Just because you’re wearing bike shorts under your dress, it does not mean you need to show everyone. You look like a two dollar hooker. Unless, of course, you’re planning on taking a side job as a street walker, in which case, flash away. You need the practice.
So your meeting has gotten horribly off track, and you want to stab everyone in the eye with your pen, but alas! you seem to have misplaced it. Where the shit did you put it? Your co-worker notices you fidgeting, and asks, “What are you looking for?” With all your might, try not to loudly respond with “The thread of this conversation.” You cannot save your self from that.
Especially when you realize the conversation is probably off track because you’re an asshole and are in the wrong conference room. You are not in the right meeting, you giant dick.

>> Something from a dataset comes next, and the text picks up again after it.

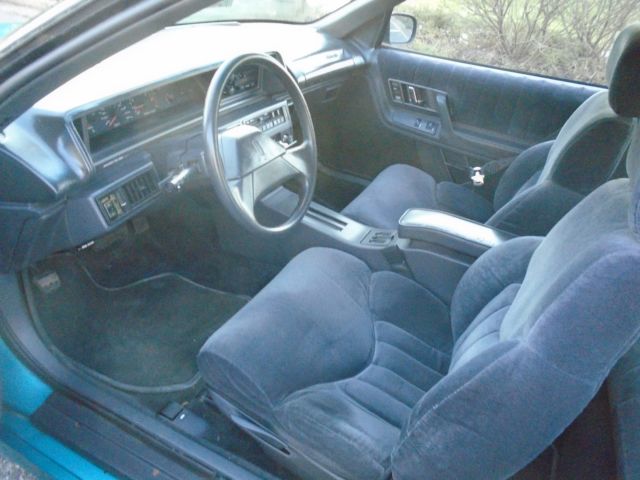 1993 Oldsmobile Cutlass - photo 11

You’re walking down the street, minding your own business as usual, and you notice people staring at you. What the shit is that about? You look down and realize, oh, your jacket is completely covering your dress, and you look like maybe you could be a hooker, and you probably shouldn’t have chosen to wear platform heels today. What you should do is ignore it, and just go about your business instead of proceed to make the following bad decisions:
1) Do not start whispering hourly rates to people as they pass. Yes, the reactions are amusing and no one knows what to do, but you live in a city and inevitably one of those people will be a cop in street clothes.
2) Do not argue with the cop. He doesn’t know you’re kidding. You just solicited sex to him, and he will take you on a trip to the police station. Good luck explaining that you’re just being a giant wang.
So congratulations, you have to explain to your boss that you’re late for work because you were detained for fictitious sex solicitation. Good job, ass hole.
Sometimes people you don’t like are going to talk to you. And sometimes those people aren’t going to pick up on the fact that you hate them. And if, in fact, they still don’t find your charming personality off putting, and choose to tell you things such as, “I took my kids to a carnival this weekend,” or, “I bought a cupcake for lunch and ate the whole thing,” just smile politely, and maybe they will go away. Try not to respond with – without missing a beat, mind you – “No one cares.” Its rude, and maybe someone, somewhere, does care, but it is now painfully obvious to everyone that you don’t, and you are the bitch who hates kids and cupcakes. And that’s not true.
You love cupcakes.
An appropriate reflexive response to “You’re late” is never “So is my period.” It’s not appropriate in a meeting at work and for the love of God correct the situation before you’re inevitably late for dinner with your father tonight. It’s going to invite unwanted speculation like, “What, are you pregnant?” and you know you’re going to end up blurting something else out like, “Nope, pretty sure you have to be having sex to be pregnant.” Way to make it more awkward, you bitter old hag. Just learn to use other phrases, such as “Golly, I’m sorry, I sure did lose track of the time.”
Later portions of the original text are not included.